Don’t Believe the Hype: Paying for Medicare for All Is Simple
The critics have it wrong: by reducing health care spending through efficiency gains, Medicare for All would actually make it easier to fund other government programs.
Kevin Drum wrote a piece recently that featured a common, but mistaken, criticism of Medicare for All. The criticism is that Medicare for All will increase taxes and government spending so much that there won’t be much fiscal space left to do other things. This criticism is wrong because the amount of fiscal space we have to pay for non-healthcare items is constrained by the level of national health expenditures, not the level of government health expenditures.
Drum’s piece on this is very straightforward. In it, he points out that right now, government spending in the US is around 38 points of GDP. If you add all private health expenditures to that figure, it goes to 46 points of GDP. Thus, according to Drum, Medicare for All would basically tap out the government’s ability to spend:
I don’t know about you, but this is roughly the highest number I’m comfortable with. There are a few countries that spend more, but 46 percent is the EU average and seems like a reasonable ceiling, especially since we’ll almost certainly drift higher than this as health care and retirement costs increase.
So here’s my question: if you want lots of other goodies, there are two choices. First, reduce other spending to make room.
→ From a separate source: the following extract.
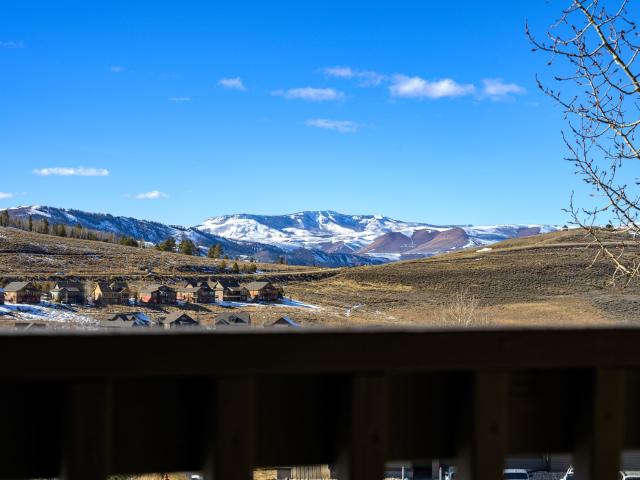 Property for sale in Colorado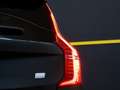 Volvo XC90 T8 Recharge R-Design AWD Aut. Gris - thumbnail 36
Second, don’t worry about that 46 percent total spending number. It’s just centrist rubbish anyway.
Drum is not the only person who has made this point. Nancy Pelosi’s aide, Wendell Primus, appeared to be saying basically the same thing when he gave a presentation recently claiming that we shouldn’t do single-payer because “monies are needed for other priorities.”
But this argument is actually “centrist rubbish,” to borrow Drum’s phrase. It is based entirely on accounting confusions. To understand where Drum and Primus go off the rails, it is best to start with the following graph, which uses OECD data to break down the various financing streams for our current healthcare system.
The blue part is government spending on things like Medicare, Medicaid, and the VA. The yellow part is voluntary premiums people pay to private insurers. The green part is out-of-pocket expenses people pay directly to health providers, such as deductibles, copayments, and coinsurance. The red part is compulsory premiums people pay to private insurers.
Before 2014, there were no compulsory premiums. But in 2014, the Obamacare employer mandate and individual mandate took effect, which made virtually all private premium payments compulsory. When Obamacare was being debated in Congress, the Congressional Budget Office nearly declared that these compulsory private premiums would be counted as taxes and government spending (i.e. counted in the blue section, not the red section), but they ultimately decided not to score them that way for basically arbitrary reasons.
Under Medicare for All, the blue ends up almost entirely swallowing the red, yellow, and green, meaning government spending goes up by eight points of GDP (assuming we don’t get big savings on administrative spending and unit costs). Drum and Primus believe that if the blue area goes up by eight points of GDP, then that’s eight fewer GDP points available for other kinds of government spending. But this is obviously wrong. To see why it is wrong, all you have to do is think about it for a second.
If the government does not take over all of the health spending by implementing Medicare for All, then that means the health sector will continue to depend on the money private individuals pump into it via compulsory premiums, voluntary premiums, and out-of-pocket expenses. In Drum’s piece, he says these private payments are around $1.9 trillion. If the health sector needs those $1.9 trillion to operate, then that money is not available for other uses. If the government is not going to tax those $1.9 trillion to use for Medicare for All, then it cannot tax them for any other purpose. The dollars have to be left in the hands of individuals and businesses so they can pump them into the health sector through the private channels.
Another way to see how wrong Drum and Primus are on this is to go in the other direction with it. Right now the government spends around 8.6 percent of GDP on health care (the blue section in the graph above). But you could easily convert nearly all of that spending into compulsory private premiums.
All you would have to do is convert Medicaid and Medicare into private insurance companies and convert the taxes we currently use to fund those programs into compulsory premium payments now being made to these newly minted private insurance companies. Nothing really would change if you did this fiscally speaking, but the red area would almost entirely swallow the blue area. Thus this reform would cut government spending on health care by, say, eight points of GDP and, under the reasoning of Drum and Primus, massively increase the amount of fiscal space we have for “lots of other goodies.” This is absurd, of course, because such a reform would not increase fiscal space at all. Primus and Drum are simply confused.
Ultimately, what matters for government fiscal space is not how dollars are pumped into the health sector but how many dollars are pumped into it. Or, as I said at the top, what matters is the level of national health expenditures not government health expenditures. Medicare for All uses fewer dollars to get to universal coverage than any alternative proposal. Thus Medicare for All leaves more fiscal space for other government programs than any alternative proposal.